(Crawled caption data)
--
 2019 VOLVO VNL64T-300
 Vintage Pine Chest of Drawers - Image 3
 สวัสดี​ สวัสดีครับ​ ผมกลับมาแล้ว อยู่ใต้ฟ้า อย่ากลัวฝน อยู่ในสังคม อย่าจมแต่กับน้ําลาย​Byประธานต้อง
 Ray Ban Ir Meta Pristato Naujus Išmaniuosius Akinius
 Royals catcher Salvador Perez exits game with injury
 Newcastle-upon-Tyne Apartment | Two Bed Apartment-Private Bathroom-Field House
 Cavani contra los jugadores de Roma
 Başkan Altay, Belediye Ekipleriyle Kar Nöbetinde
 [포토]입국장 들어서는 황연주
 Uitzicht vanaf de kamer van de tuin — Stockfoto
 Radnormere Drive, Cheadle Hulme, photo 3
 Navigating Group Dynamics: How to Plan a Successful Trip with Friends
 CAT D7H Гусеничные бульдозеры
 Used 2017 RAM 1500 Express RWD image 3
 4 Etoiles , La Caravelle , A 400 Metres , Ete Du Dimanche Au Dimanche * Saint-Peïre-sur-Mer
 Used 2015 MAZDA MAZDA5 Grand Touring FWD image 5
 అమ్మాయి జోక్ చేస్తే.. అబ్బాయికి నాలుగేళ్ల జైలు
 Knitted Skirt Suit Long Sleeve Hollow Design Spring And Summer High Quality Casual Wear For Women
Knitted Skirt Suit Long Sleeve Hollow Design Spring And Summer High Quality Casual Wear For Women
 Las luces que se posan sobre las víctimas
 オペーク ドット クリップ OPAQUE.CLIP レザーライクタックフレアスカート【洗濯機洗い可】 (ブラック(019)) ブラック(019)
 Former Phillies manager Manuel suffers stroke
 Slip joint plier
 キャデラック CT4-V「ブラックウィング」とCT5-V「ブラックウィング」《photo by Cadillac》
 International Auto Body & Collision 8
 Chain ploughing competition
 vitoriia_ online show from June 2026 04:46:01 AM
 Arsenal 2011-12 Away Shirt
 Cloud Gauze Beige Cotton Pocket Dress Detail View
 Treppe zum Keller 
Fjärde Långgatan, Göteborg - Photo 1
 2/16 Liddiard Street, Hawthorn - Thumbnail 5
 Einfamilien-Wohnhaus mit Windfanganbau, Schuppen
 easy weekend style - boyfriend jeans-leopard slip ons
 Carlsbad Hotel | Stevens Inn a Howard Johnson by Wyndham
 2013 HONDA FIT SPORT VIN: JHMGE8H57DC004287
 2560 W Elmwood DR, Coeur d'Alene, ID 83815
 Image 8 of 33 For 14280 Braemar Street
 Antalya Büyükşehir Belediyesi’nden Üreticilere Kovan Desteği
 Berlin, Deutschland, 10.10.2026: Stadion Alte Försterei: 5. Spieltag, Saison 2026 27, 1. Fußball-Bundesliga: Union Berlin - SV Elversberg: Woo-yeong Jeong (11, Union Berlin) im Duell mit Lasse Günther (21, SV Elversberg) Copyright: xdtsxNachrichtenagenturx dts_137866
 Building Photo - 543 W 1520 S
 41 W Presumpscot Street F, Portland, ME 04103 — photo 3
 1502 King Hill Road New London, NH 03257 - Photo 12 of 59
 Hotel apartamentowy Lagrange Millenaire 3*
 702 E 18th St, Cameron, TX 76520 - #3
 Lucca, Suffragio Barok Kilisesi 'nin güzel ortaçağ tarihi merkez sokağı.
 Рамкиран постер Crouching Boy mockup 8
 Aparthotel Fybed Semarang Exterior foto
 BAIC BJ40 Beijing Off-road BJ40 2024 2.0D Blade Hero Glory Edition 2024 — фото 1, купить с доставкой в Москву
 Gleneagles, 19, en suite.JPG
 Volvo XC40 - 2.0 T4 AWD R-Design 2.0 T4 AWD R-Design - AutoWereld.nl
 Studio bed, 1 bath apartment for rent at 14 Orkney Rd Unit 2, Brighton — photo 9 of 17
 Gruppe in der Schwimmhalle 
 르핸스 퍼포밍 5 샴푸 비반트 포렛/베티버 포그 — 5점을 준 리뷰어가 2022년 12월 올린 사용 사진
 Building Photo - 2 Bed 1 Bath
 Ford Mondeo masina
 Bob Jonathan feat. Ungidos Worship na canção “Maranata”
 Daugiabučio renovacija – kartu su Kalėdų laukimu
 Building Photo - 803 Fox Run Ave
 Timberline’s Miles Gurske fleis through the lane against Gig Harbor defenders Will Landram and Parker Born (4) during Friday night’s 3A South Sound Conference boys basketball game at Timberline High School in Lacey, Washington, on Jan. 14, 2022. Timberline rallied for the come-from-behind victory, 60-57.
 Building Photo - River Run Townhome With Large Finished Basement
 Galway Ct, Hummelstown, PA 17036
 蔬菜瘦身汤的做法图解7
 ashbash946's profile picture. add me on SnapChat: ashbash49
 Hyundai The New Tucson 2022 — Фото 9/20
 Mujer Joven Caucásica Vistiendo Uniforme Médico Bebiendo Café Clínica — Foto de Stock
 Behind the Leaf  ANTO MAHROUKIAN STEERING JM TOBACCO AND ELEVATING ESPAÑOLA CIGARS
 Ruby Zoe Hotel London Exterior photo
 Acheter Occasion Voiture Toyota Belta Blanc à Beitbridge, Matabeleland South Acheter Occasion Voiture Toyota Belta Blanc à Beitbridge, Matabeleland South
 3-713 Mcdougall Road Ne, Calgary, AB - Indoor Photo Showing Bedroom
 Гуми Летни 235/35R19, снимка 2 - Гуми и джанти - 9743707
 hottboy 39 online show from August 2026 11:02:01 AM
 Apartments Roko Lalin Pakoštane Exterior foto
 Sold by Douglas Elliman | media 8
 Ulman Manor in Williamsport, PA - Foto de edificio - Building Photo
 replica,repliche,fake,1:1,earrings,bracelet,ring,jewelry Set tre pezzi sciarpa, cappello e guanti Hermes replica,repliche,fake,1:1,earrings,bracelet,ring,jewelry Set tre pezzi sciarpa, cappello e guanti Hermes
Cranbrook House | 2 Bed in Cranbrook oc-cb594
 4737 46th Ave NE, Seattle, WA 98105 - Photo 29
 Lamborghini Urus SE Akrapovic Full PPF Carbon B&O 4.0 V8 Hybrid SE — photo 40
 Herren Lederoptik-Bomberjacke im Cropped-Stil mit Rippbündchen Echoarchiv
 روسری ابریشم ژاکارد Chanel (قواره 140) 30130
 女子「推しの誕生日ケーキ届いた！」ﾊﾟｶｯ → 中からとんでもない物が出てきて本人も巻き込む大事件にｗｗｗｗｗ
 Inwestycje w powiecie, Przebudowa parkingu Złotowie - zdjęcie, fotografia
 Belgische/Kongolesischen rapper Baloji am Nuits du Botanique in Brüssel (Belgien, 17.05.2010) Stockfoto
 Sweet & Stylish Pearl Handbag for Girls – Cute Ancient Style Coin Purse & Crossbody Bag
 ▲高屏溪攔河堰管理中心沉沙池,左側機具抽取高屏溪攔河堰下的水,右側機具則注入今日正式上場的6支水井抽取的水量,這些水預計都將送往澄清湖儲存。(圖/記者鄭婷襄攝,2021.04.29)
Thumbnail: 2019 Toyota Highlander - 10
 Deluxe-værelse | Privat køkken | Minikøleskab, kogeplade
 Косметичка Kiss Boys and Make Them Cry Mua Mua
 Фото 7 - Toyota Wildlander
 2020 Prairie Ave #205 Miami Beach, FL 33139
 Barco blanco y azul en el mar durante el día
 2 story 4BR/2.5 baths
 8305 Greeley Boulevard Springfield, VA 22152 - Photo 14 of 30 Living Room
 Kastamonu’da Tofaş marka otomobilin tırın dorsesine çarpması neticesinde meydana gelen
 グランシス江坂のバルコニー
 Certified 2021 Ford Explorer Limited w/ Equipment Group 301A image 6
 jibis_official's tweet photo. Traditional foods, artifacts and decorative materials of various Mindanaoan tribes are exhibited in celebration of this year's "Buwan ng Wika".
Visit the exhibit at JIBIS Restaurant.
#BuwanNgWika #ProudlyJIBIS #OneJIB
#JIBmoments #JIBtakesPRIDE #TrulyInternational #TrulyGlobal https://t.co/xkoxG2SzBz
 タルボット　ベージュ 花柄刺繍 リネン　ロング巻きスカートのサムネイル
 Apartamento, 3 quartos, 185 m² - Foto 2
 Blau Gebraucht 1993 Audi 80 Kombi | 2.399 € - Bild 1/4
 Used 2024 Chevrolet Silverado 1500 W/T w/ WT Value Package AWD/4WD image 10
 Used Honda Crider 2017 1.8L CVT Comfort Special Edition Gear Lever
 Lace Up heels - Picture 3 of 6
--
■ What to produce:
Transcribe the records above exactly, from the opening line down to and including the line with "Former Phillies manager".

■ Output:
 2019 VOLVO VNL64T-300
 Vintage Pine Chest of Drawers - Image 3
 สวัสดี​ สวัสดีครับ​ ผมกลับมาแล้ว อยู่ใต้ฟ้า อย่ากลัวฝน อยู่ในสังคม อย่าจมแต่กับน้ําลาย​Byประธานต้อง
 Ray Ban Ir Meta Pristato Naujus Išmaniuosius Akinius
 Royals catcher Salvador Perez exits game with injury
 Newcastle-upon-Tyne Apartment | Two Bed Apartment-Private Bathroom-Field House
 Cavani contra los jugadores de Roma
 Başkan Altay, Belediye Ekipleriyle Kar Nöbetinde
 [포토]입국장 들어서는 황연주
 Uitzicht vanaf de kamer van de tuin — Stockfoto
 Radnormere Drive, Cheadle Hulme, photo 3
 Navigating Group Dynamics: How to Plan a Successful Trip with Friends
 CAT D7H Гусеничные бульдозеры
 Used 2017 RAM 1500 Express RWD image 3
 4 Etoiles , La Caravelle , A 400 Metres , Ete Du Dimanche Au Dimanche * Saint-Peïre-sur-Mer
 Used 2015 MAZDA MAZDA5 Grand Touring FWD image 5
 అమ్మాయి జోక్ చేస్తే.. అబ్బాయికి నాలుగేళ్ల జైలు
 Knitted Skirt Suit Long Sleeve Hollow Design Spring And Summer High Quality Casual Wear For Women
Knitted Skirt Suit Long Sleeve Hollow Design Spring And Summer High Quality Casual Wear For Women
 Las luces que se posan sobre las víctimas
 オペーク ドット クリップ OPAQUE.CLIP レザーライクタックフレアスカート【洗濯機洗い可】 (ブラック(019)) ブラック(019)
 Former Phillies manager Manuel suffers stroke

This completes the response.